### [What to produce]
This exercise calls for an exact copy of the data below.
Information shown Start Marker
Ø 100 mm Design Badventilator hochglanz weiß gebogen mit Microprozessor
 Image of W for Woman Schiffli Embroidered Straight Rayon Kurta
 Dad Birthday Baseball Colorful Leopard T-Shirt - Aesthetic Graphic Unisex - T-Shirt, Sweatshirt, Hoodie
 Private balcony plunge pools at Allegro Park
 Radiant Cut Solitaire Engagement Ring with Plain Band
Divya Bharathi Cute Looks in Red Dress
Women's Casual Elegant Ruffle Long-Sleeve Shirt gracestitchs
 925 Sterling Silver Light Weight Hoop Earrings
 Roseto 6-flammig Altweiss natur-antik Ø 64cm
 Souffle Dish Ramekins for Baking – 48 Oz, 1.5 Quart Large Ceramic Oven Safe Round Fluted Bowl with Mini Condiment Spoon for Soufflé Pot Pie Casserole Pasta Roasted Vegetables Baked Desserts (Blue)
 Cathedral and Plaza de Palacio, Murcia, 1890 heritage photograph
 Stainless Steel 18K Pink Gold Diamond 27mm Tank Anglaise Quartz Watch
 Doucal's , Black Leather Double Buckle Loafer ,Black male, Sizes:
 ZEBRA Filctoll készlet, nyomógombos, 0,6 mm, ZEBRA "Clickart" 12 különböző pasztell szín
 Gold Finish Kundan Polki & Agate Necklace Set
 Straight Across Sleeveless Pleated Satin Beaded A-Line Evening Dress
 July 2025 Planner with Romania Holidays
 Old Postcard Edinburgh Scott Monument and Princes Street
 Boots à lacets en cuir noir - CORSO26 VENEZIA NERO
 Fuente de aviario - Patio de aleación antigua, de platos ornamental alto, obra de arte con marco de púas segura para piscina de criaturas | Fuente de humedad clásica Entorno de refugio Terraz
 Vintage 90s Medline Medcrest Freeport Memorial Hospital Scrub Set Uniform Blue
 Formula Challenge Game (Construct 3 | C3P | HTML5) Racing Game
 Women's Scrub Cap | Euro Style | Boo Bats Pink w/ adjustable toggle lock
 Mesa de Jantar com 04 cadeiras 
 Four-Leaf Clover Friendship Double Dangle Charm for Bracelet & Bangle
Information shown End Marker
### [Written answer]
Ø 100 mm Design Badventilator hochglanz weiß gebogen mit Microprozessor
 Image of W for Woman Schiffli Embroidered Straight Rayon Kurta
 Dad Birthday Baseball Colorful Leopard T-Shirt - Aesthetic Graphic Unisex - T-Shirt, Sweatshirt, Hoodie
 Private balcony plunge pools at Allegro Park
 Radiant Cut Solitaire Engagement Ring with Plain Band
Divya Bharathi Cute Looks in Red Dress
Women's Casual Elegant Ruffle Long-Sleeve Shirt gracestitchs
 925 Sterling Silver Light Weight Hoop Earrings
 Roseto 6-flammig Altweiss natur-antik Ø 64cm
 Souffle Dish Ramekins for Baking – 48 Oz, 1.5 Quart Large Ceramic Oven Safe Round Fluted Bowl with Mini Condiment Spoon for Soufflé Pot Pie Casserole Pasta Roasted Vegetables Baked Desserts (Blue)
 Cathedral and Plaza de Palacio, Murcia, 1890 heritage photograph
 Stainless Steel 18K Pink Gold Diamond 27mm Tank Anglaise Quartz Watch
 Doucal's , Black Leather Double Buckle Loafer ,Black male, Sizes:
 ZEBRA Filctoll készlet, nyomógombos, 0,6 mm, ZEBRA "Clickart" 12 különböző pasztell szín
 Gold Finish Kundan Polki & Agate Necklace Set
 Straight Across Sleeveless Pleated Satin Beaded A-Line Evening Dress
 July 2025 Planner with Romania Holidays
 Old Postcard Edinburgh Scott Monument and Princes Street
 Boots à lacets en cuir noir - CORSO26 VENEZIA NERO
 Fuente de aviario - Patio de aleación antigua, de platos ornamental alto, obra de arte con marco de púas segura para piscina de criaturas | Fuente de humedad clásica Entorno de refugio Terraz
 Vintage 90s Medline Medcrest Freeport Memorial Hospital Scrub Set Uniform Blue
 Formula Challenge Game (Construct 3 | C3P | HTML5) Racing Game
 Women's Scrub Cap | Euro Style | Boo Bats Pink w/ adjustable toggle lock
 Mesa de Jantar com 04 cadeiras 
 Four-Leaf Clover Friendship Double Dangle Charm for Bracelet & Bangle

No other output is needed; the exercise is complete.